Exercise goal
The reply should hold every record, copied exactly, and none of the pictures.
┄┄┄┄┄┄┄┄┄┄┄┄┄┄┄┄┄┄┄┄
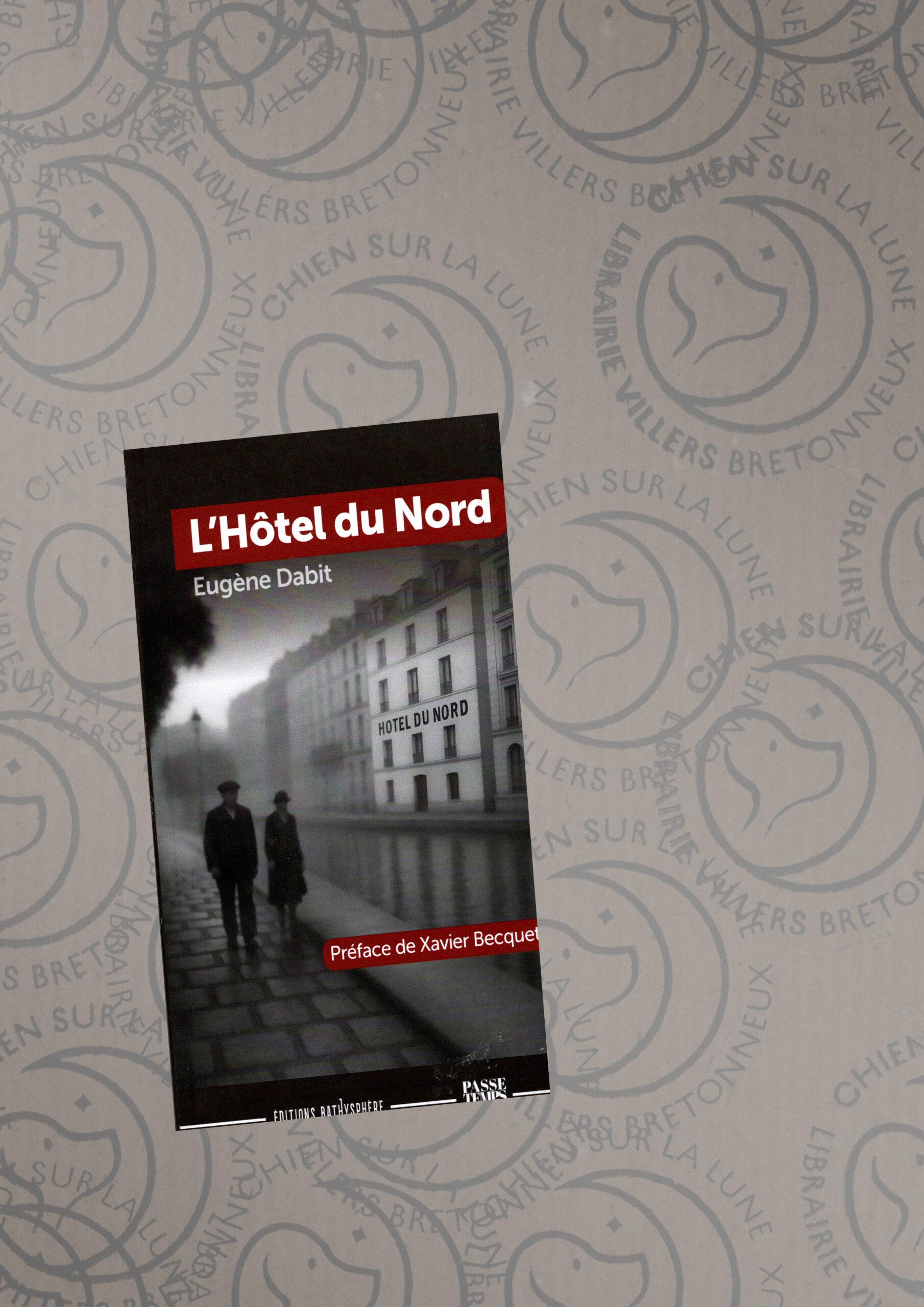 Eugène DABIT et « L’Hôtel du Nord »,
de Mers-les-Bains à Sébastopol.
Une soirée animée par Xavier BECQUET
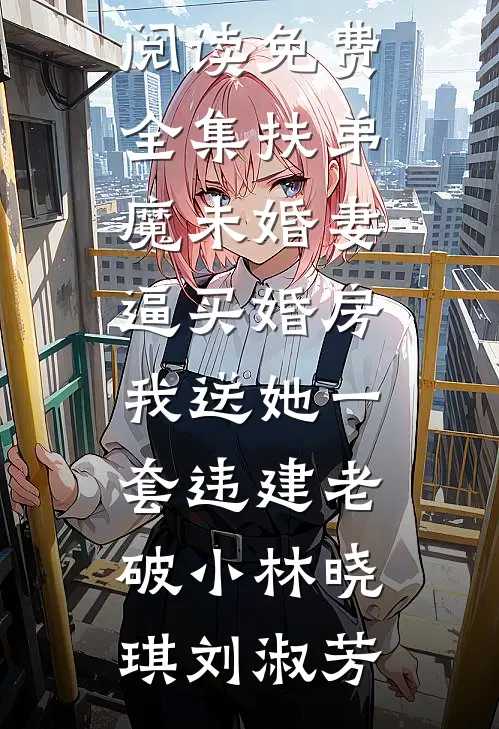 扶弟魔未婚妻逼买婚房，我送她一套违建老破小林晓琪刘淑芳最热门小说_全文阅读免费全集扶弟魔未婚妻逼买婚房，我送她一套违建老破小(林晓琪刘淑芳)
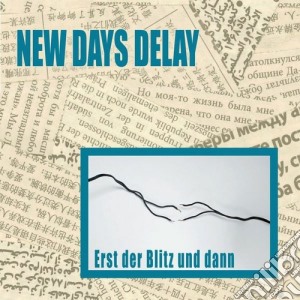New Days Delay - Erst Der Blitz Und Dann cd musicale di New days delay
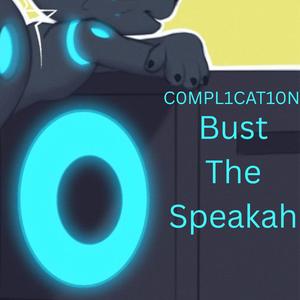 Bust The Speakah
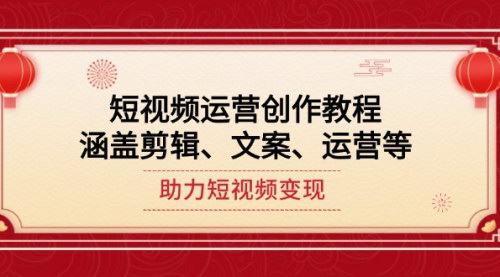 [支持免费下载]【短视频运营创作教程】剪辑、文案、运营全攻略，助力短视频变现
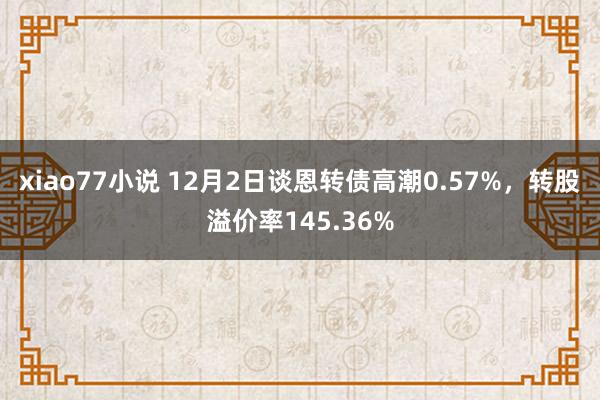 xiao77小说 12月2日谈恩转债高潮0.57%，转股溢价率145.36%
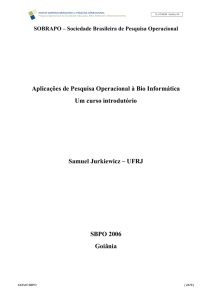 Aplicações de Pesquisa Operacional à Bio Informática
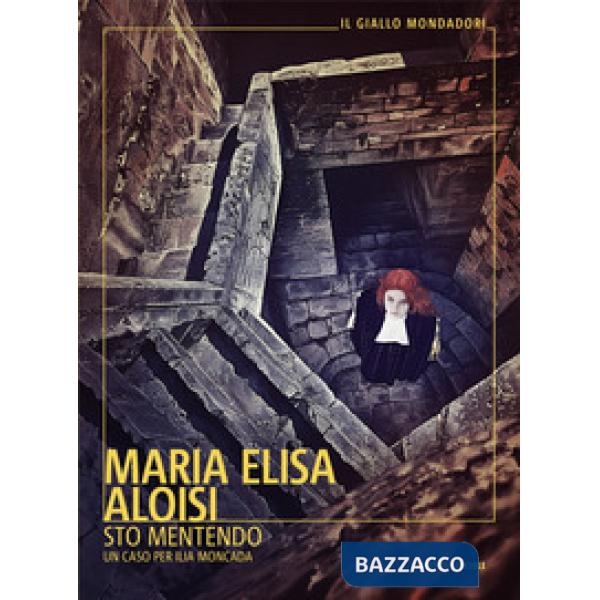 Sto mentendo. Un caso per Ilia Moncada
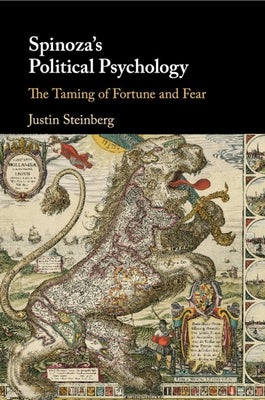 Spinoza's Political Psychology by Steinberg, Justin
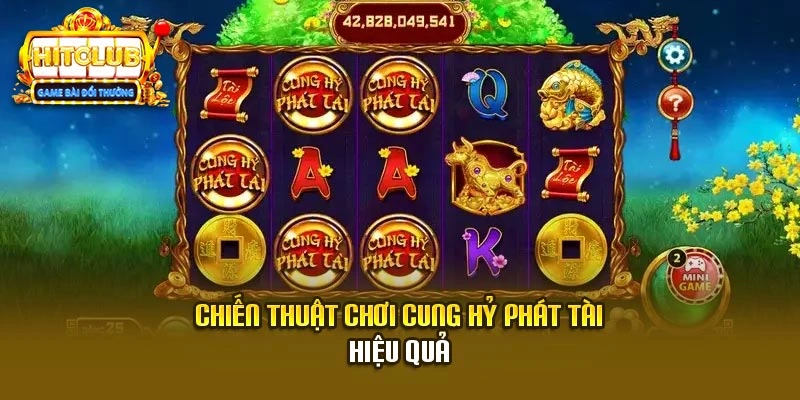 Chiến thuật chơi Cung Hỷ Phát Tài hiệu quả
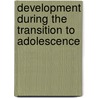Development During the Transition to Adolescence by Gunnar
┄┄┄┄┄┄┄┄┄┄┄┄┄┄┄┄┄┄┄┄
Written solution
 Eugène DABIT et « L’Hôtel du Nord »,
de Mers-les-Bains à Sébastopol.
Une soirée animée par Xavier BECQUET
 扶弟魔未婚妻逼买婚房，我送她一套违建老破小林晓琪刘淑芳最热门小说_全文阅读免费全集扶弟魔未婚妻逼买婚房，我送她一套违建老破小(林晓琪刘淑芳)
New Days Delay - Erst Der Blitz Und Dann cd musicale di New days delay
 Bust The Speakah
 [支持免费下载]【短视频运营创作教程】剪辑、文案、运营全攻略，助力短视频变现
 xiao77小说 12月2日谈恩转债高潮0.57%，转股溢价率145.36%
 Aplicações de Pesquisa Operacional à Bio Informática
 Sto mentendo. Un caso per Ilia Moncada
 Spinoza's Political Psychology by Steinberg, Justin
 Chiến thuật chơi Cung Hỷ Phát Tài hiệu quả
Development During the Transition to Adolescence by Gunnar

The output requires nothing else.